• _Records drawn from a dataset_
-----

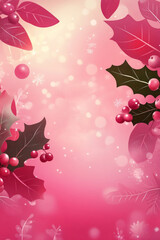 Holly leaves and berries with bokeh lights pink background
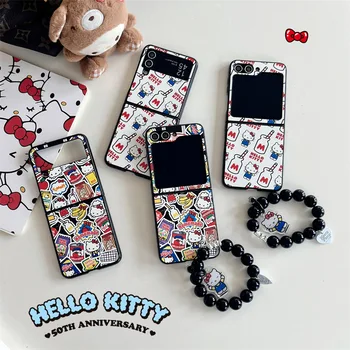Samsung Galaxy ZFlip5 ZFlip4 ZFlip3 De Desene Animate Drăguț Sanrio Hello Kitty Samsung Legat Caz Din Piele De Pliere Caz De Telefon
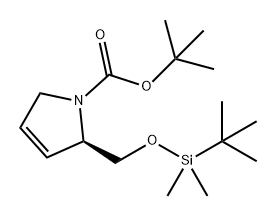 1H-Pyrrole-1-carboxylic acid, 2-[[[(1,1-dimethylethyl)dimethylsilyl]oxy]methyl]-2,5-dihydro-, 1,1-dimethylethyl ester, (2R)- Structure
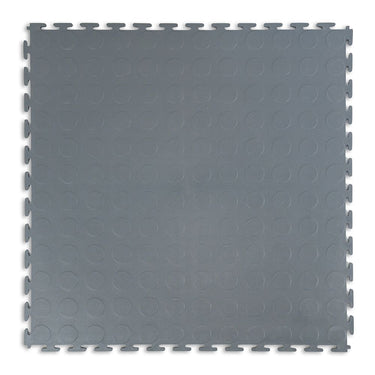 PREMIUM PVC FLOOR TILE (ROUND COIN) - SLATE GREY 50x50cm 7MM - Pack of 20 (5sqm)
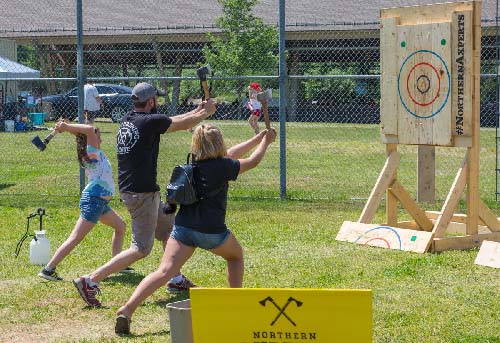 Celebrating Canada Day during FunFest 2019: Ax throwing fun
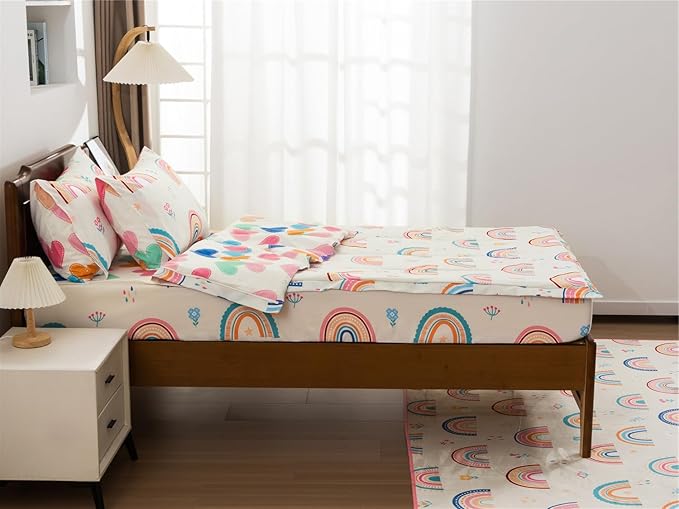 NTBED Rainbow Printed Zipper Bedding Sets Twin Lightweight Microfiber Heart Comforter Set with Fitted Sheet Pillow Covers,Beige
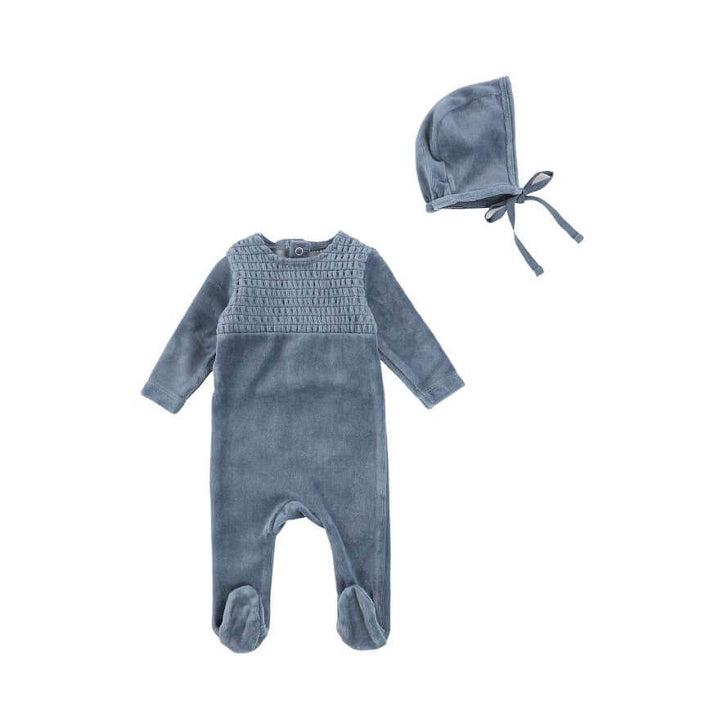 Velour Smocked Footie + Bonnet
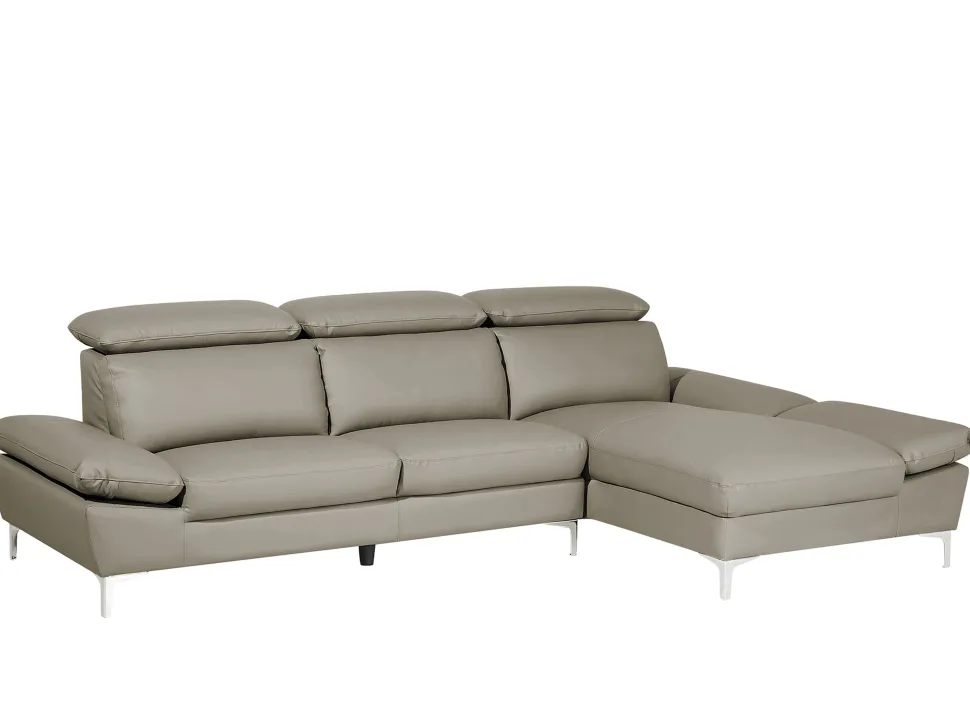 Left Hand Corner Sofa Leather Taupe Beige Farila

-----

• _Problem description_
Starting at the line that contains "Celebrating Canada Day", please write out each line through the last line of the data, both ends included, and keep pictures out of the copy.

• _Answer below_
 Celebrating Canada Day during FunFest 2019: Ax throwing fun
 NTBED Rainbow Printed Zipper Bedding Sets Twin Lightweight Microfiber Heart Comforter Set with Fitted Sheet Pillow Covers,Beige
 Velour Smocked Footie + Bonnet
 Left Hand Corner Sofa Leather Taupe Beige Farila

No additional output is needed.